Search code examples
pysparkpalantir-foundry

Creating a schema data health expectation in Palantir Foundry Code Repositories


I have a dataset that is the output of a Python transform defined in Palantir Foundry Code Repository. It has certain columns, but given that over time the data may change I want to validate these columns(around 73) holds in the future.

How can I create a data health expectation or check to ensure that all 73 columns holds in future?


Solution

  • You can use expectations to make assertions about which columns exist in your output schema.

    See the official docs for schema expectations.

    There are 3 kinds of schema expectations:

    # Assert some columns exist.
    E.schema().contains({'col1': type1, 'col2': type2})
    
    # Assert the schema contains only columns from the given set (but not necessarily all of them).
    E.schema().is_subset_of({'col1': type1, 'col2': type2})
    
    # Assert the schema contains exactly the given columns.
    E.schema().equals({'col1': type1, 'col2': type2})
    

    Additionally, for checking a single column, you can use E.col('col1').exists(). But for 73 columns you're better off going with E.schema().

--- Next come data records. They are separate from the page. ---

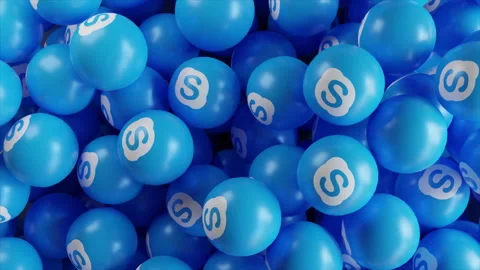 Falling Skype Icons Ball Video stock 205070365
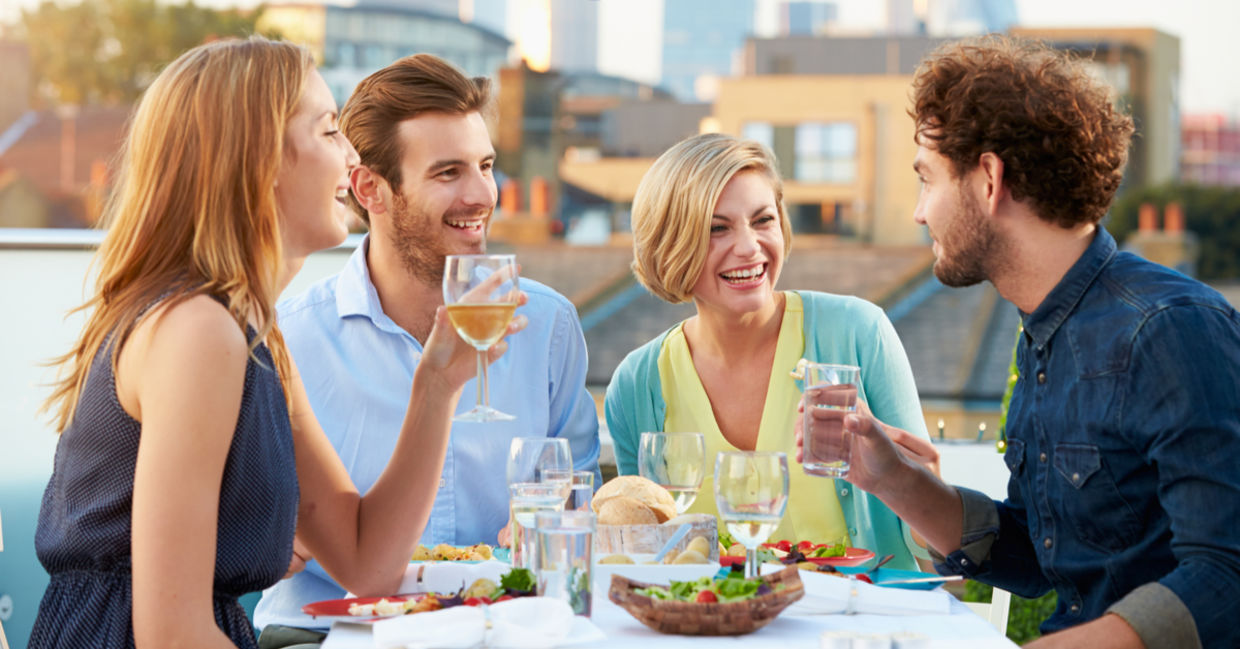 Eating out with friends. Eating out with friends.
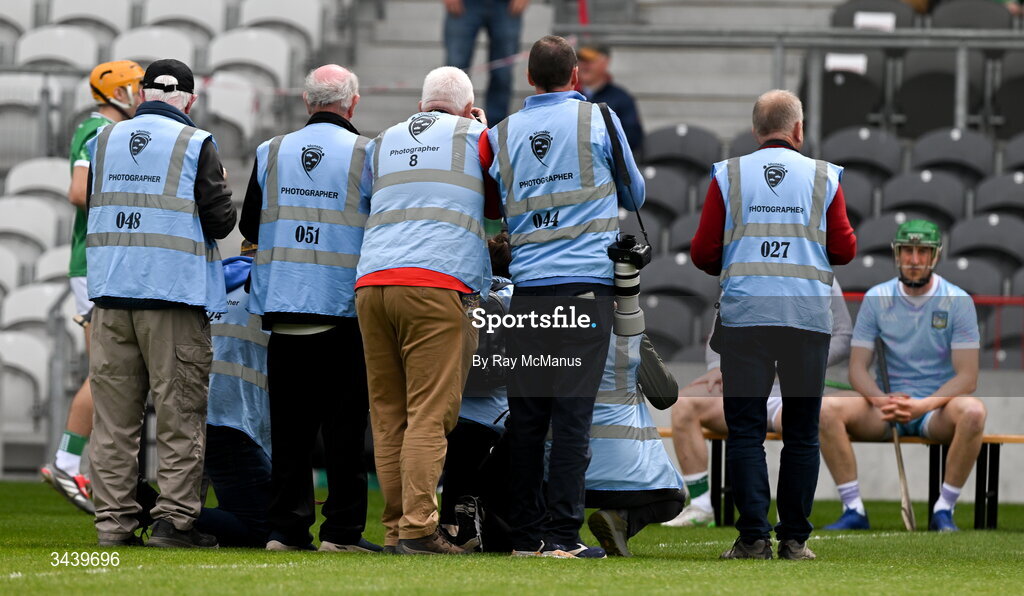 26 April 2026; Photographers prepare to take the Limerick squad picture before the Munster GAA Senior Hurling Championship Round 2 match between Cork and Limerick at SuperValu Páirc Uí Chaoimh in Cork. Photo by Ray McManus/Sportsfile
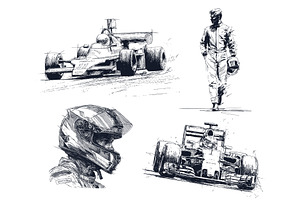 Formula 1 racer. F1 car pilot, an Object Illustration by Stock-Smart-Start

    So for a more fleshed-out example, you might have something like:

    from transforms.api import transform_df, Check, Input, Output
    import transforms.expectations as E
    from pyspark.sql import types as T
    
    COLUMNS_WHICH_MUST_EXIST = {
        'string_column': T.StringType(),
        'number_column': T.IntegerType(),
        # ...and 71 more.
    }
    
    @transform_df(
        Output("ri.foundry.main.dataset.abcdef", checks=[
            Check(E.schema().contains(COLUMNS_WHICH_MUST_EXIST), "contains important columns"),
        ]),
        input_data=Input("ri.foundry.main.dataset.12345678"),
    )
    def compute(input_data):
        # ... your logic here
    

    Also see the official docs for expectation checks for more details of the options available.